Shared agent resources

Agents write code that talks to databases. Agents iterate on that code across many sessions. If every session starts with an empty Postgres, agents re-run migrations on every turn and real work is impossible.

Shared agent resources are long-running workspace-scoped services — Postgres, Redis, and (over time) any other stateful engine an admin opts into — that agents in the workspace connect to. They survive session teardown. They are isolated per branch so two agents working on two branches never step on each other. They are installed from a catalog surfaced in the workspace settings UI.

They are not the control-plane database. That distinction is the first section of this document, by design.

Companion docs:

Sessions — how session pods are spawned and how env is injected.
Permission grants — the approval model this flow reuses at install time.
MCP servers — the workspace secret store (same ${NAME} syntax as env refs here).
Siblings — the in-pod ephemeral-service pattern, distinct from shared agent resources. See Siblings vs. shared agent resources.

Boundary with the control-plane database

The cluster has two classes of Postgres. Never conflate them.

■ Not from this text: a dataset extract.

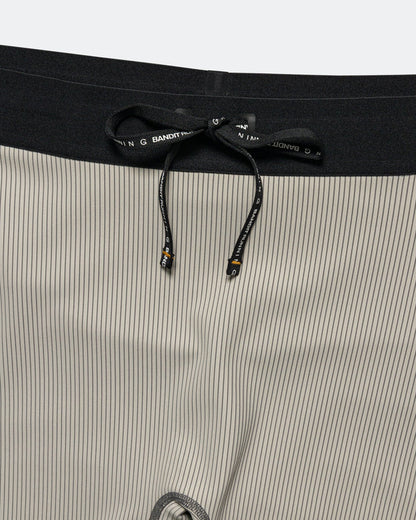 Womens Striped Cadence 5in Compression Shorts - Plaster/Slate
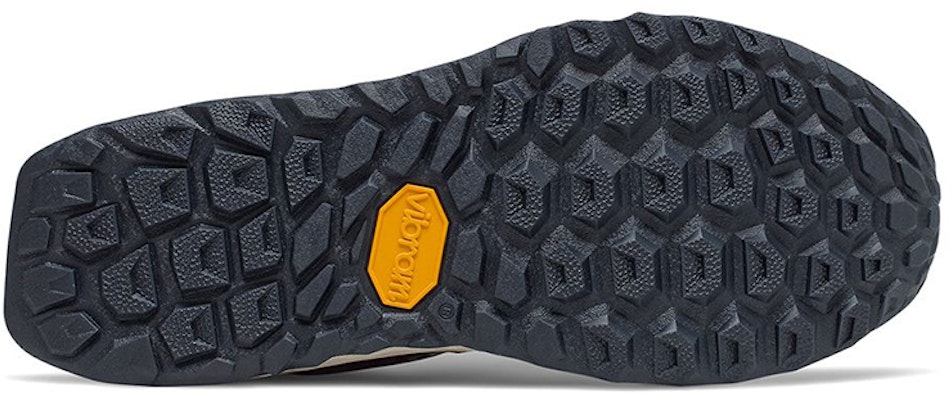 (W) New Balance Fresh Foam Hierro v6 'Hitam Ara' WTHIERB6 Shop (W) New Balance Fresh Foam Hierro v6 'Hitam Ara' WTHIERB6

	Control-plane database	Shared agent resources
What it holds	`workspaces`, `agents`, `sessions`, `permission_grants`, `audit_events`, `workspace_secrets` metadata	Tables agents create for the apps they are building
Who operates it	Whoever operates x1agent	Workspace admin, opted in per workspace
Namespace	`x1agent`	`ws-<workspace-id>`
Who sees it in UI	Nobody — operator concern	Workspace admins, under Settings -> Shared agent resources
Who connects to it	API, job-watcher, audit subscriber	Agent session pods only
Lifecycle	Lives with the cluster	Installed when an admin turns it on; reaped when the workspace is deleted

The isolation rules

Two hard rules. Not principles. Not best practices. Rules.

Rule 1: Agent pods cannot reach the control-plane database.

Enforced by three layers, each of which would independently be sufficient:

NetworkPolicy. Session pods in ws-<id> are denied egress to postgres.x1agent.svc.cluster.local:5432.
Architecture. The agent container holds no API token and has no network path to /api/internal/*. The sidecar holds X-Internal-Token and calls only scoped internal routes; no internal route exposes control-plane SQL or row access.
Credential separation. The control-plane Postgres role does not exist in any workspace Postgres and vice versa. Different instances, different role catalogs.

Rule 2: Inside its branch database, an agent is owner and the platform does not police what it does.

The scoped role granted to an agent has:

LOGIN
OWNER of exactly <repo>_<branch>, and nothing else
No CREATEDB, no CREATEROLE, no SUPERUSER

Inside that one database the agent can create tables, drop them, install schema-level extensions, load fixtures, and corrupt its own state at will. The platform does not inspect queries, freeze migrations, or otherwise second-guess agent behavior. If an agent nukes its schema the recovery path is POST /api/workspaces/:slug/shared-agent-resources/postgres/branches/:name/reset, which drops and re-creates from the main template. Branch data is scratch data. Ephemeral in principle, durable in practice; the agent owns it.

The catalog

The workspace admin opens Settings -> Shared agent resources. The first screen lists every resource kind the platform knows how to install, in a catalog format:

Kind	Versions	Provider
Postgres	16, 15	`statefulset`
Redis	7	`statefulset`
(future) MinIO	…	…
(future) Kafka	…	…

Each entry in the catalog is a kind with one or more versions and a selected provider (the adapter that implements the actual provisioning). v1 ships Postgres and Redis, each with a single statefulset provider that works out of the box on OrbStack and any CNI-backed cluster.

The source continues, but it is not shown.